Instructions to follow
Transcribe only the stretch of lines that opens with the line containing "柚子(ゆず・黄柚子) 1玉 1箱(9~15玉) (高知・大分・福岡)香酸柑橘" and closes with the last line of the listing, skipping pictures.

*** Opening of Input ***

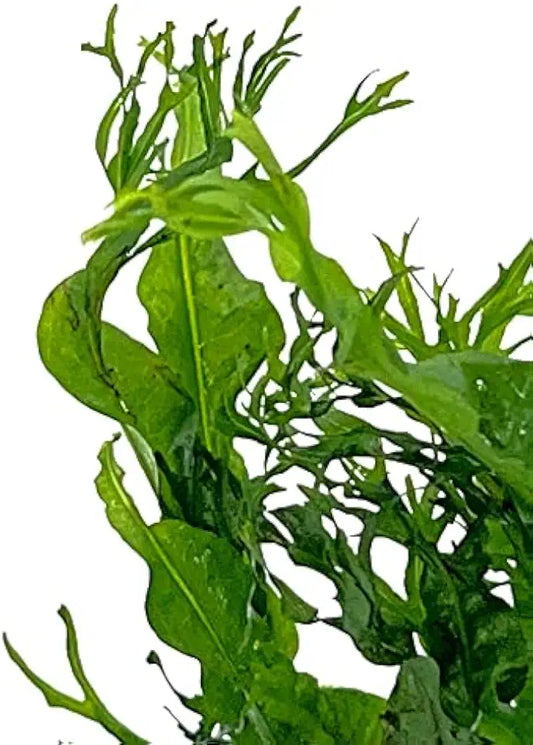 Potted Microsorum Plants - Java Fern | Live Freshwater Aquatic Plants for Aquariums and Terrariums - Low Light, Low Maintenance Plants. (Potted Microsorum Windelov)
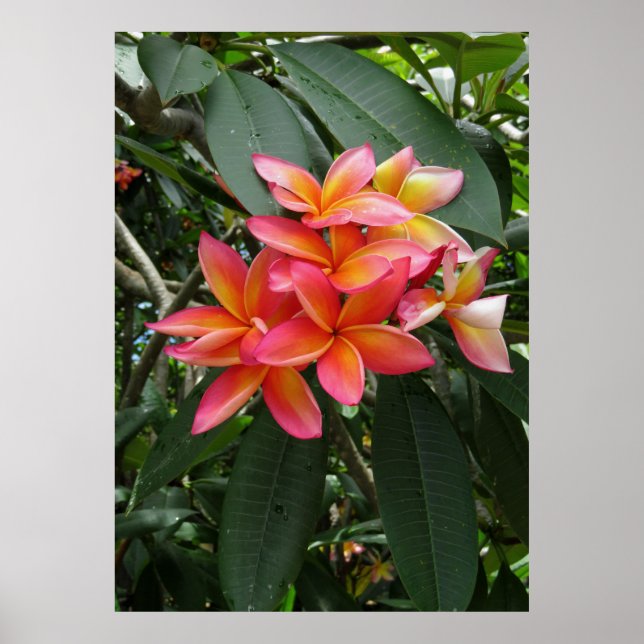 Hawaiianische Plumeria Poster (Vorne)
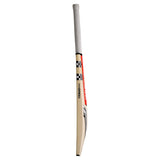 GRAY-NICOLLS NOVA XE KASHMIR WILLOW CRICKET BAT JUNIOR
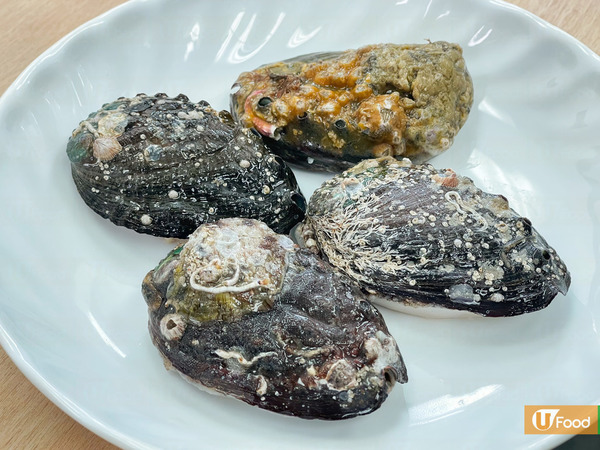 鮑魚超強大！外殼似避彈衣／吸力達200公斤！ 12件關於鮑魚不可不知的事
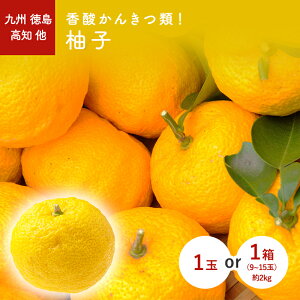 柚子(ゆず・黄柚子) 1玉 1箱(9~15玉) (高知・大分・福岡)香酸柑橘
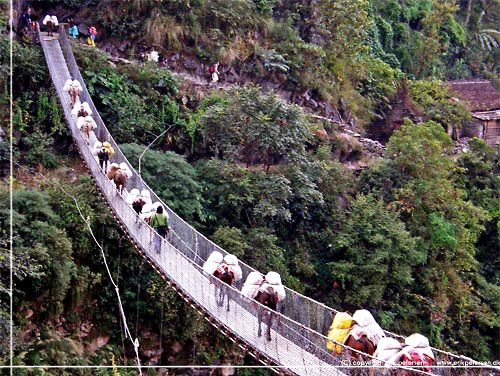 Nepal. selkaravane p den store hngebro over Kali Gandaki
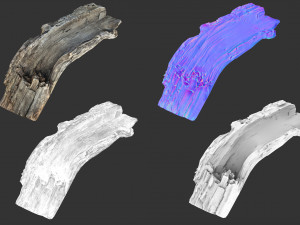 A realistic section of tree trunk 3D Model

*** Close of Input ***

Result of the exercise
 柚子(ゆず・黄柚子) 1玉 1箱(9~15玉) (高知・大分・福岡)香酸柑橘
 Nepal. selkaravane p den store hngebro over Kali Gandaki
 A realistic section of tree trunk 3D Model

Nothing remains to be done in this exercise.